Rejecting investment consultants’ responses
The regulator wrote to Aon Hewitt, Willis Towers Watson, and Mercer, explaining its decision to “provisionally” reject the undertakings. See the consultants’ responses here.
“While we welcome your proposals, we do not consider that we can be confident that the UIL would ‘achieve as comprehensive a solution as is reasonable and practicable’ to any adverse effects on competition that we have identified in investment consultancy services,” wrote Christopher Woolard, executive director of strategy and competition at the FCA.
However, Woolard emphasised that the FCA had not carried out a full study of the investment consulting sector and so was “unable to confirm our understanding of the competition issues”. A CMA review would “enable them to identify all the relevant issues and put appropriate remedies in place”, he said.

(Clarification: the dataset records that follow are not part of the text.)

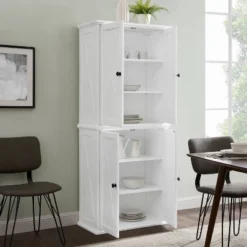 2pc Clifton Tall Pantry White - Crosley 15 2pc Clifton Tall Pantry White - Crosley -Crosley GUEST 30e487ac 625d 4d87 a01f 83a44d014c0c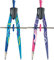 Maped - Zirkel-Kasten Schnellverstell-Zirkel PRECISION FANCY, 3-tlg. - lila, blau
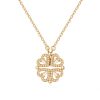 clover four heart necklace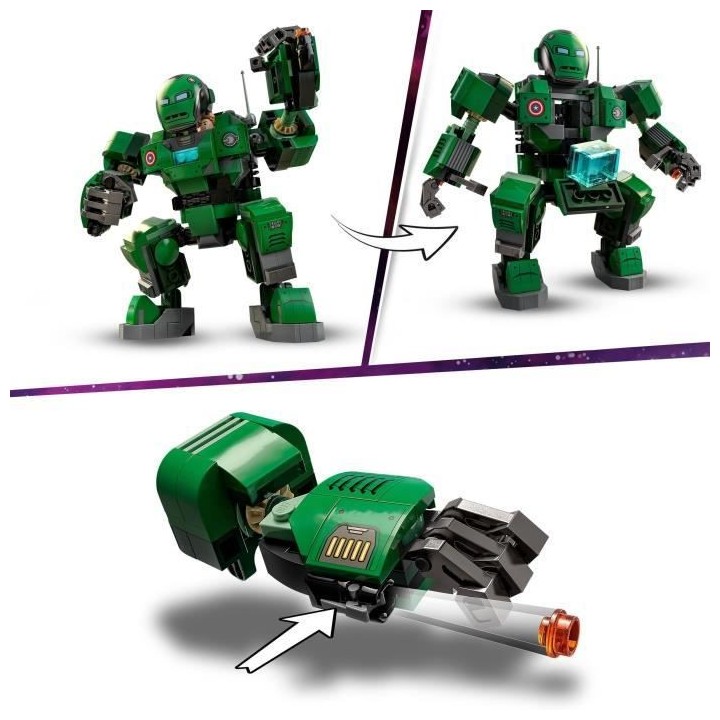 LEGO 76201 Marvel L'Agent Carter et le Marcheur d'Hydra avec Figurines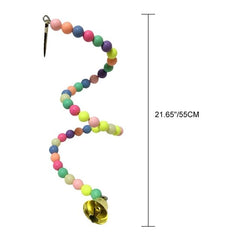 Parrots Toys Bird Swing Exercise Climbing Hanging Ladder Bridge Wooden Rainbow Pet Parrot Macaw Hammock Bird Toy With Bells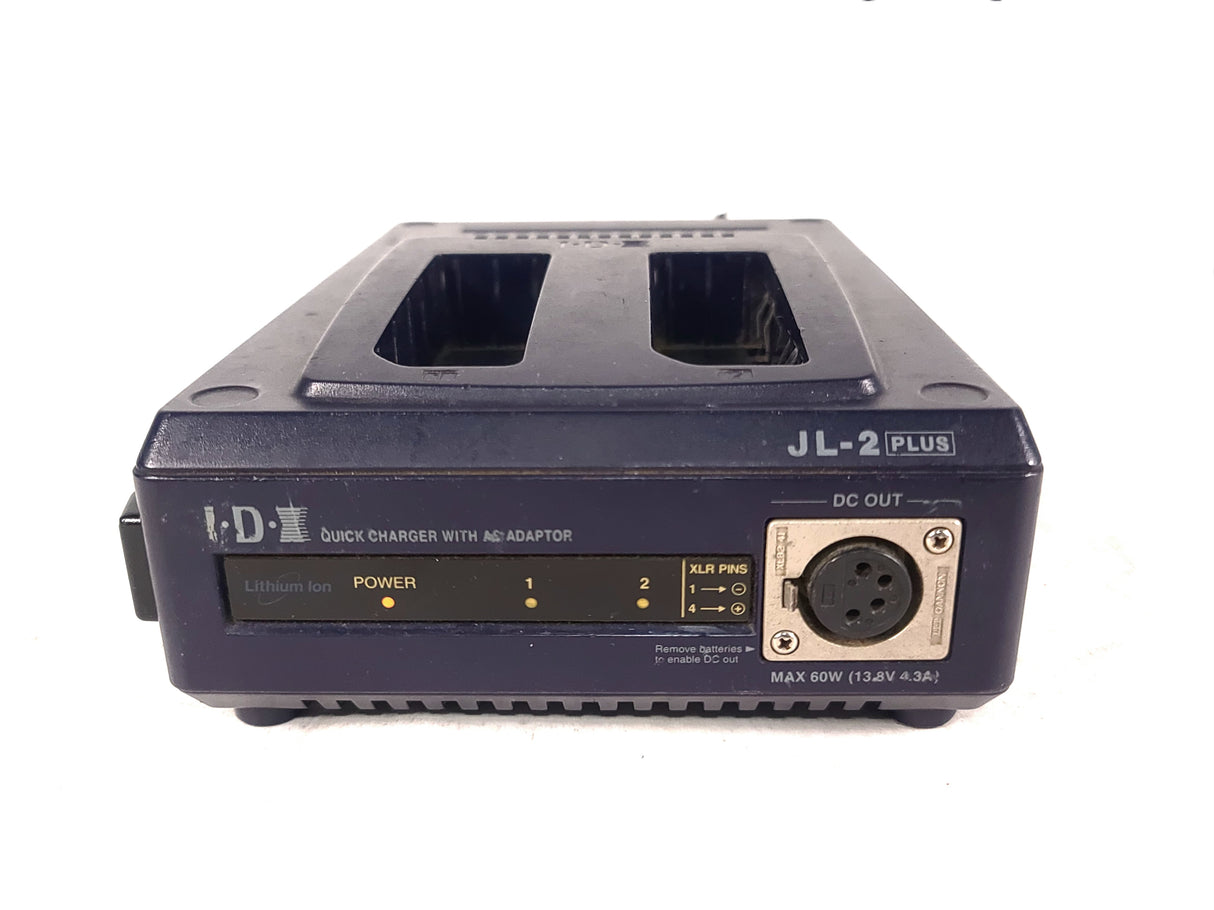 IDX JL-2PLUS Dual Channel Sequential Quick Charger w/ (2) NP-L7S Batteries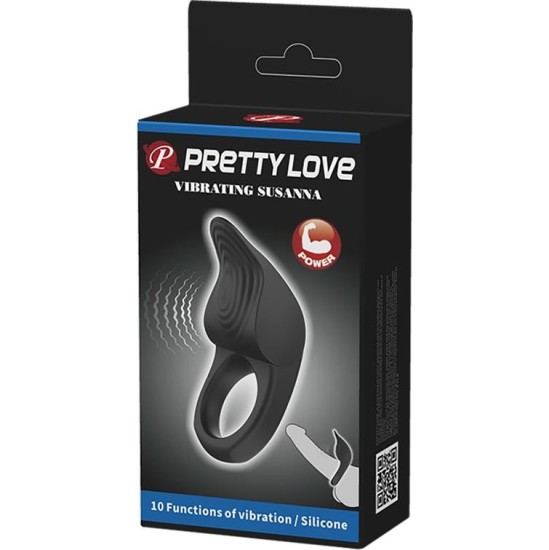 Prettylove Susanna Penis Ring with Vibration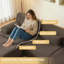 Canapé modulaire de 110 po avec repose-pieds, canapé en forme de L et siège profond pour salon-1300693010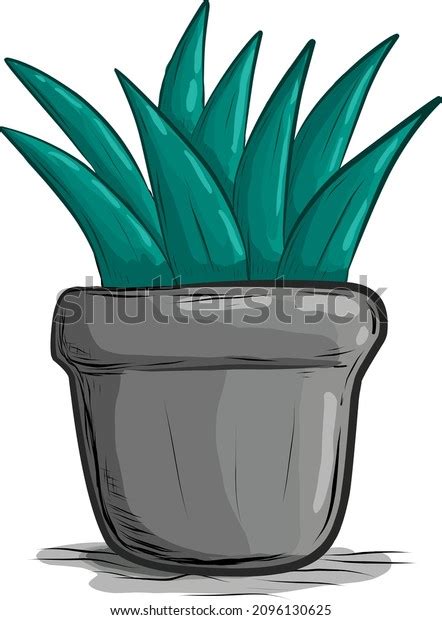 Plant Pot Cartoon Isolated Vector Illustration Stock Vector (Royalty Free) 2096130625 | Shutterstock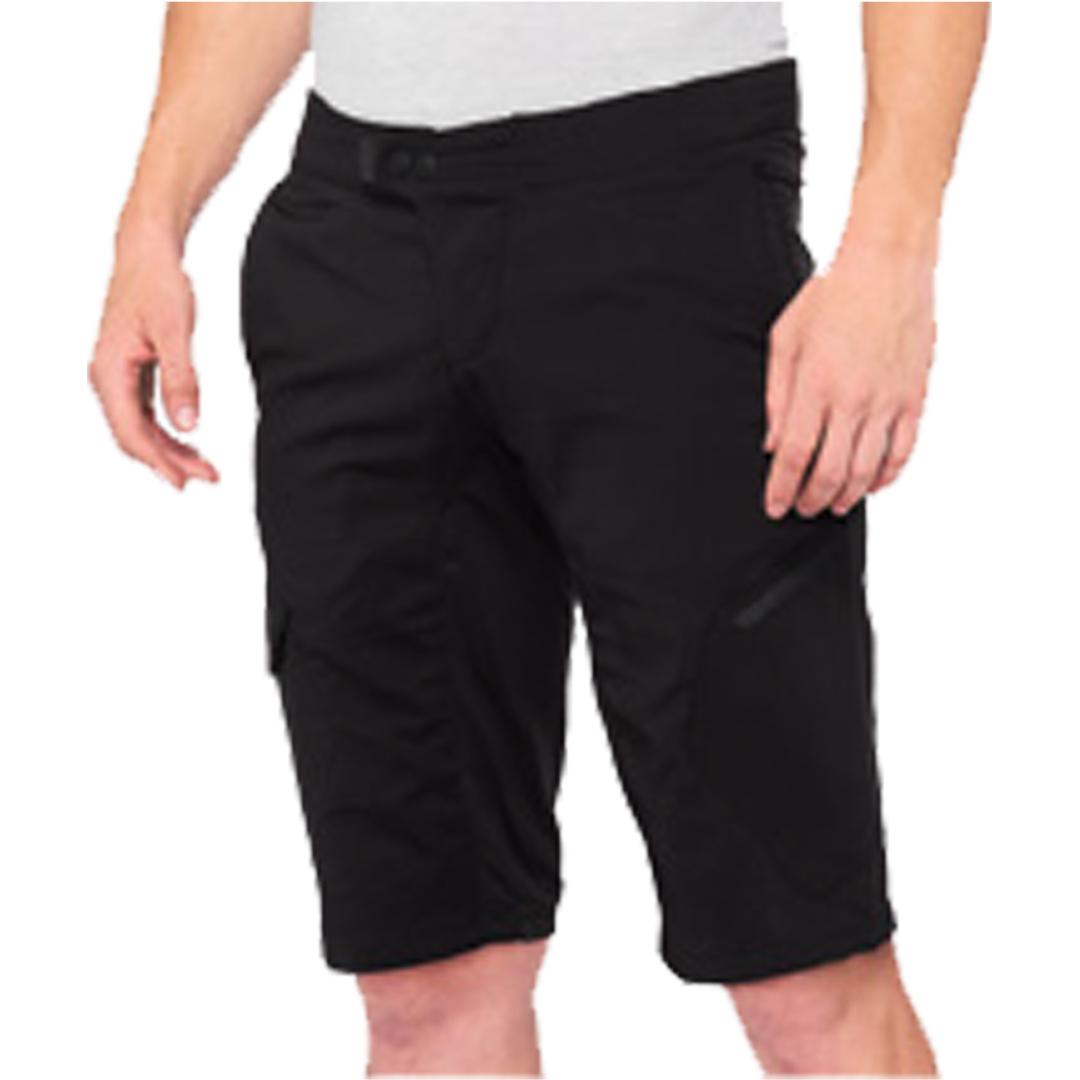100%, Herren, Velohosen, Ridecamp Shorts (28), Schwarz, 28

Despite the FCA’s move to reject the UIL, Woolard wrote in the letter that several aspects of the consultants’ proposals could address some of the regulator’s concerns. He highlighted the fiduciary cost and performance disclosures, as well as the tendering regime plan in particular.
At a press conference this morning, Woolard added that the UIL would still likely form an important part of any potential CMA work.
Woolard’s letter is available here.
The watchdog also recommended that, subject to the outcome of the potential CMA enquiry, the UK Treasury should bring investment consultants into the FCA’s regulatory scope.
What the consultants said
The big three consultancy firms behind the UIL were pragmatic in their immediate responses to the FCA’s decision, but maintained that their proposals were a strong starting point for the future shape of their industry.
While Mercer said in a statement that the UIL proposals “act as a powerful spur to competition”, it also hinted at continued opposition to a full CMA enquiry: “We look forward to working with the FCA over the coming weeks to resolve their concerns without the uncertainty for clients involved in an extended market review by the CMA.”
Andy Cox, CEO for Europe, the Middle East, and Africa at Aon Hewitt, said he was “looking forward” to opening up the competition discussion to other investment consultants.
“We are confident that the UIL represent best practice and as a firm we intend to adopt the transparency and disclosure elements of them on a voluntary basis,” he said.
Willis Towers Watson said in a statement: “We believe the UIL provide a solid foundation on which to build any future work on the investment consulting industry.”
Redington – one of the fastest-growing investment consultancies in the UK – reiterated its belief that a CMA enquiry was not necessary.
Dan Mikulskis, head of defined benefit pensions at Redington, said his firm needed to consider whether the UIL proposals go far enough to address issues in the fiduciary management sector. However, he urged the FCA to make a clear distinction between those with fiduciary offerings – known as “vertically integrated” firms – and those without.
Smaller firms – which are likely to benefit from improved competition in the sector – were unsurprisingly positive.
Danny Vassiliades, head of investment consulting at Punter Southall, said there was a “clear requirement for remedies to increase competition”.
Odi Lahav, CEO of consultancy Allenbridge, said: “Ensuring that investors have a choice of different types of consultants with different approaches and philosophies is definitely a positive for investors in the long run as one-size-fits-all doesn’t work in a dynamic capital market environment.”
All investment consultants that have commented so far today have welcomed the idea of being regulated, and some have already voluntarily become regulated companies.